You know how they say “don’t talk about yourself, talk about your customer”?
Yeah well just for today I’m going to ignore that, and talk about me me me – what I’m trying to do here, my vision for Basic Arts, and OK perhaps a little bit about what that might mean for you.
Why am I doing this?
I don’t know really. Mainly to just organise my thoughts. Partly to put this stuff out there so I’m held to account. And maybe also because I think some of you will have an interesting POV on the matter – so if you do, please hit reply and let me know.

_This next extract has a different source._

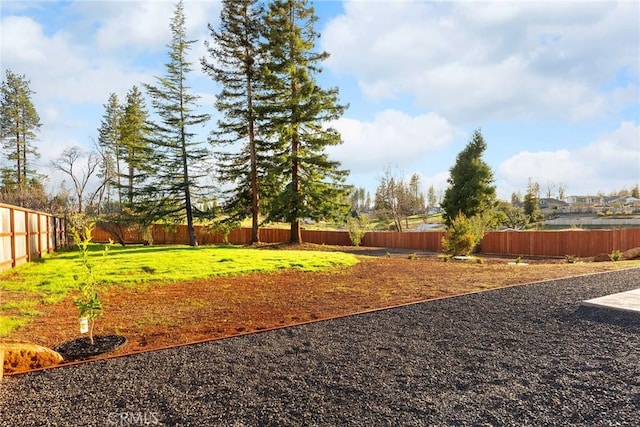 view of yard with a fenced backyard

Right, so what’s this about?
Well, for a while now I’ve been thinking about something I call “The Starbucks Strategy”, which basically boils down to this:
- Don’t raise the ceiling, raise the floor
I call it “Starbucks” because that’s exactly what they did. They didn’t produce the best coffee. Instead they massively raised the standards of bad coffee – turning the 3/10 norm into a 6/10. This is very different from what most brands try to do. Most brands want to raise the ceiling. They want to turn a 9/10 to a 10/10, and think that’s the way to create the biggest impact. Because hey, the best must be the most impactful right?
Wrong.
The impact of turning the 3/10s into 6/10s is far far more meaningful (and lucrative) than creating the best of something. Starbucks have contributed infinitely more positively to global coffee culture than your favourite artisanal roaster, and that’s just a fact. (Even if that roaster considers them a blight on the coffee landscape).
So what’s the relevance of this?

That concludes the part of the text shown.